*Exercise instructions*
The answer is all of the data repeated exactly, with each picture omitted.

*Dataset excerpt*

───

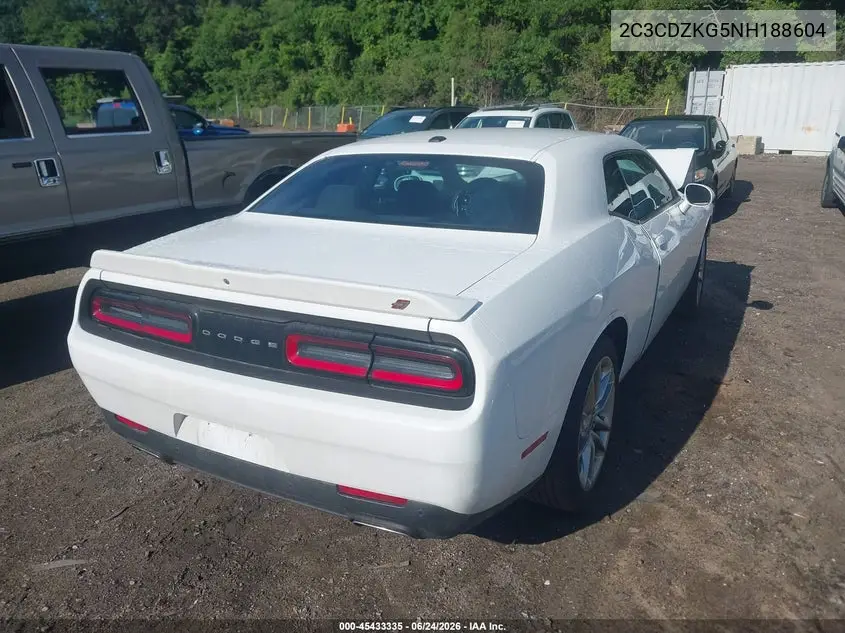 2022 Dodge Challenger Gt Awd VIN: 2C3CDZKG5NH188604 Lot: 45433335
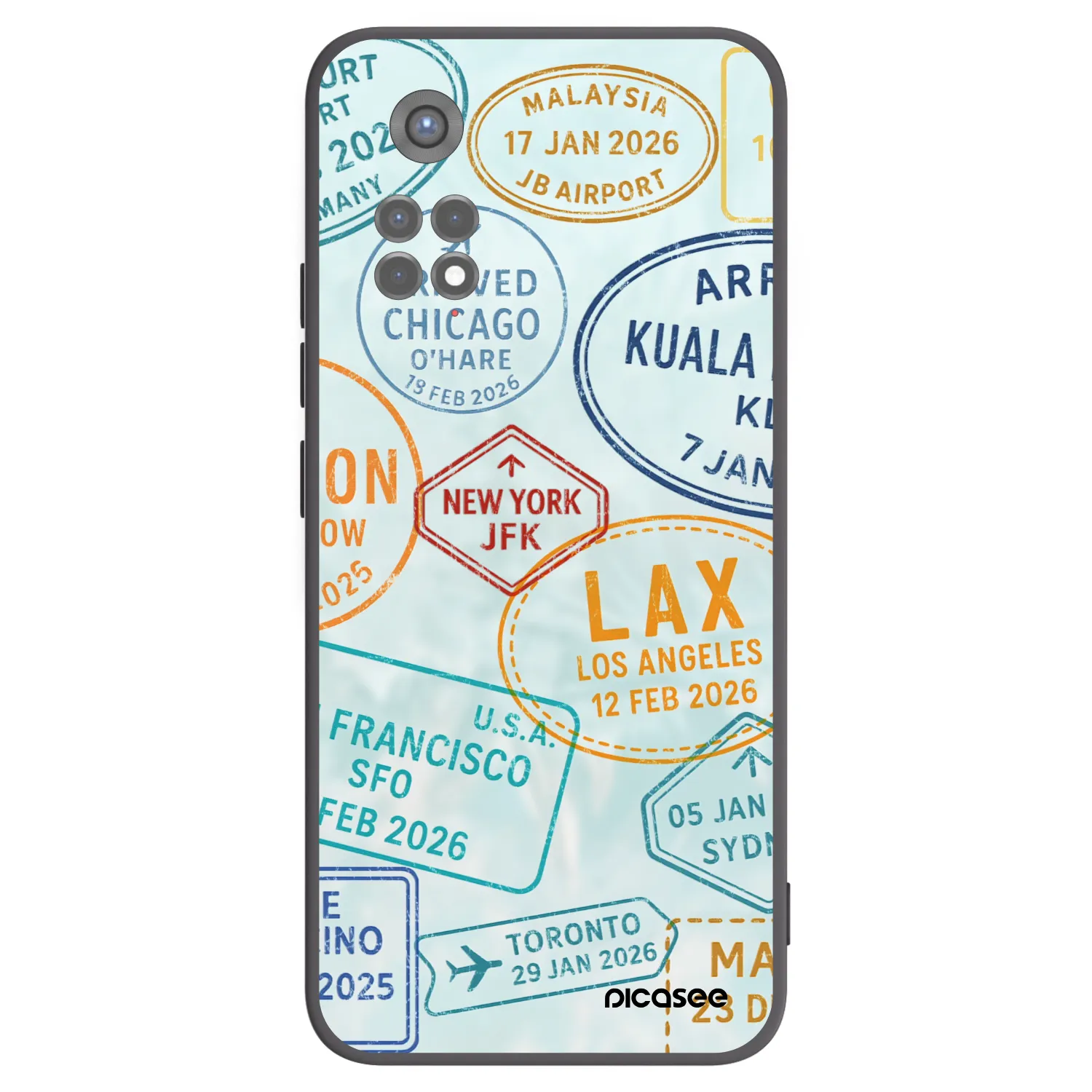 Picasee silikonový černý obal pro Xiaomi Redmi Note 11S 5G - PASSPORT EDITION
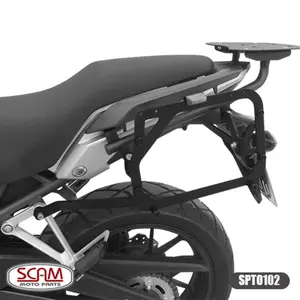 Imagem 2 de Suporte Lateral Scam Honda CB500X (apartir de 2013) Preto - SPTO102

───

*Solved exercise*
 2022 Dodge Challenger Gt Awd VIN: 2C3CDZKG5NH188604 Lot: 45433335
 Picasee silikonový černý obal pro Xiaomi Redmi Note 11S 5G - PASSPORT EDITION
 Imagem 2 de Suporte Lateral Scam Honda CB500X (apartir de 2013) Preto - SPTO102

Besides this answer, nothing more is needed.